Remember the plaintive cry of the Millennials: "Where's my jet pack?"
Sorry, Jim, but that didn't quite happen. Instead, you got a cell phone with more tech than a Moon rocket and inbuilt obsolescence.
(For those who don't get the joke, it's about wonderful new life-changing technology, purportedly promised by a Baby Boomer generation but which did not eventuate).
But hang on a sec: how about a Chinese-made electrically-powered vertical take off or landing (eVTOL) aircraft instead?
From a company which has cut its teeth, in an aviation sense, on building large payload logistic and autonomous unmanned aerial vehicles (UAVs) with over 10,000 hours in flight-time, Chinese company Autoflight has now progressed from those payloads to developing its first passenger eVTOL.
The V1500M made its world premiere at the China airshow this week and it's not a flight of fancy.
This time last year the Chinese drone company - which has established some serious cred in the aviation space - developed the ultra-large payload smart firefighting aircraft F240.
The F240 is a high capacity payload drone which uses artificial intelligence to seek out hot spots in fires and drop suppression "bombs" to snuff them out before they turn into raging firefronts, which would have been a handy addition to fire-fighting efforts during last year's Black Summer.
The V1500M is the company's first venture into passenger-carrying VOTLs, with the company planning for full flight certification by 2024.
It's 10 metres long, 13 metres wide, weights just 1500kg (most of the weight is in the batteries as the construction uses a lot of lightweight composites and carbon fibre) and has has eight lifting motors to take off and land vertically like a drone.
The flying range is 250km when carrying up to four passengers because it has a "fixed wing" mode with two propellors for forward flying that engage when at altitude.
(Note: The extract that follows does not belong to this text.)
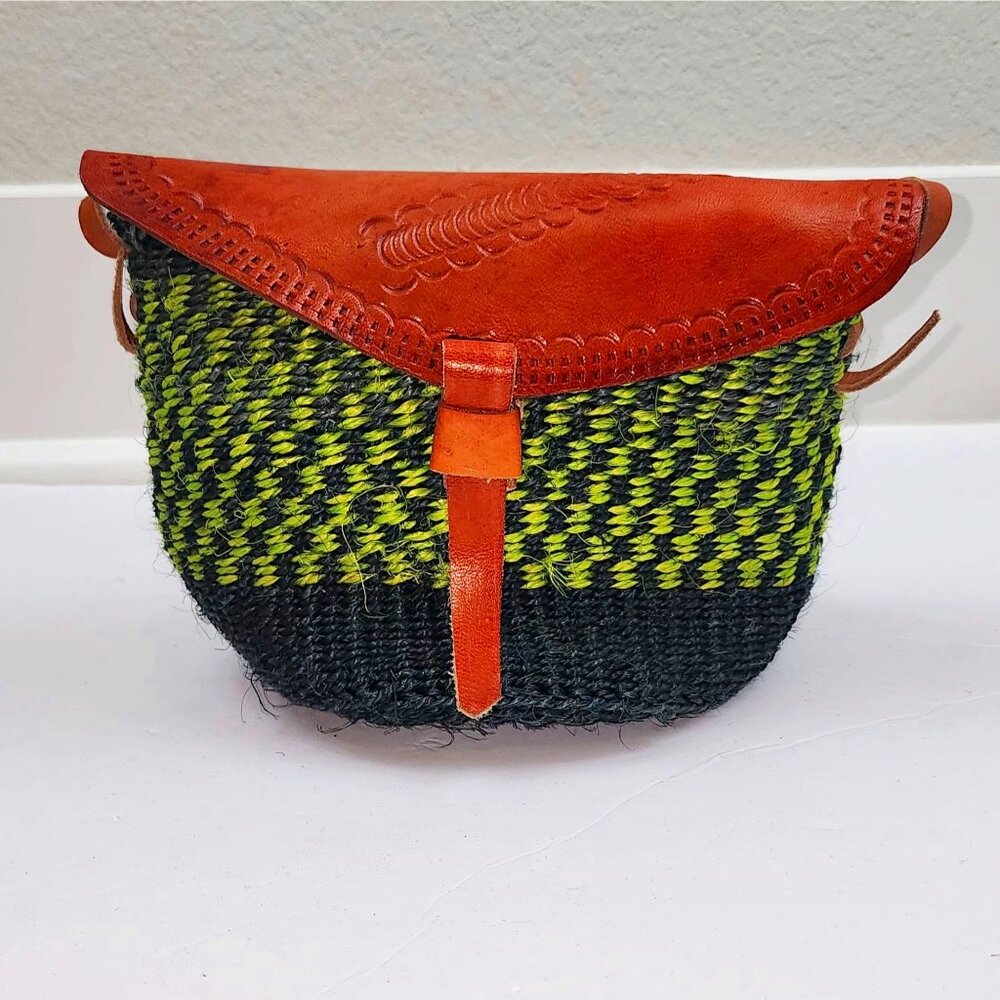 Handmade Woven Green & Black Crossbody Bag With Leather Strap & Flap Closure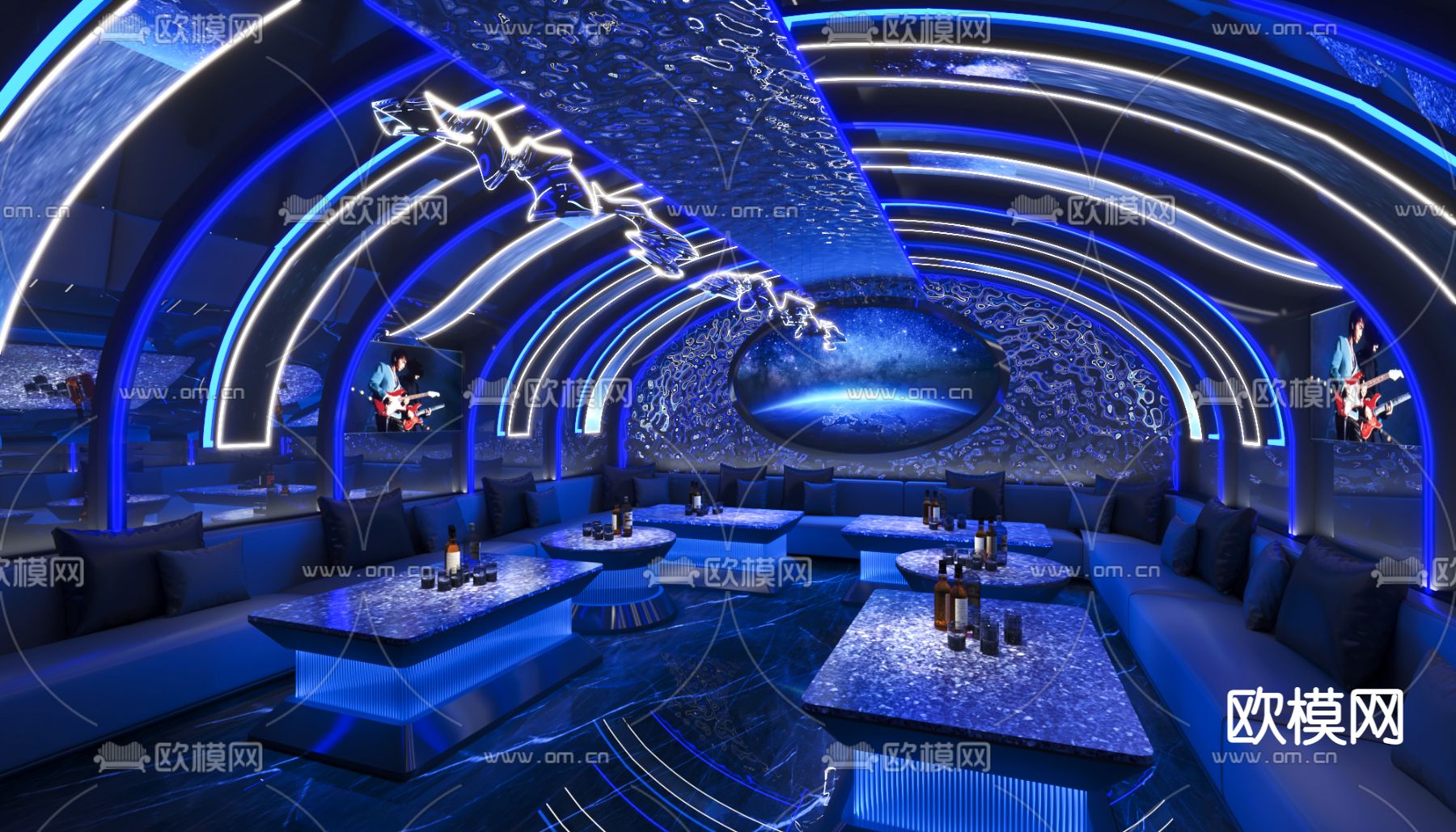 现代KTV包厢3d模型下载（渲染图2）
This increases its flying efficiency and speed (up to 200km/h).
And being a VTOL, it can take off and land almost anywhere, like a helicopter (but much quieter).
Redundant power systems mean the aircraft can hover safely if two of the eight rotors malfunction. The V1500M also has a whole-aircraft parachute, designed to deploy as a last-ditch safety feature.
And best of all, the V1500M has been developed from scratch as an autonomous aircraft. You basically climb in and tell it where you want to go.
That element to the technology has some years to go before approval so in the interim, you'll need a pilot - or fly it yourself.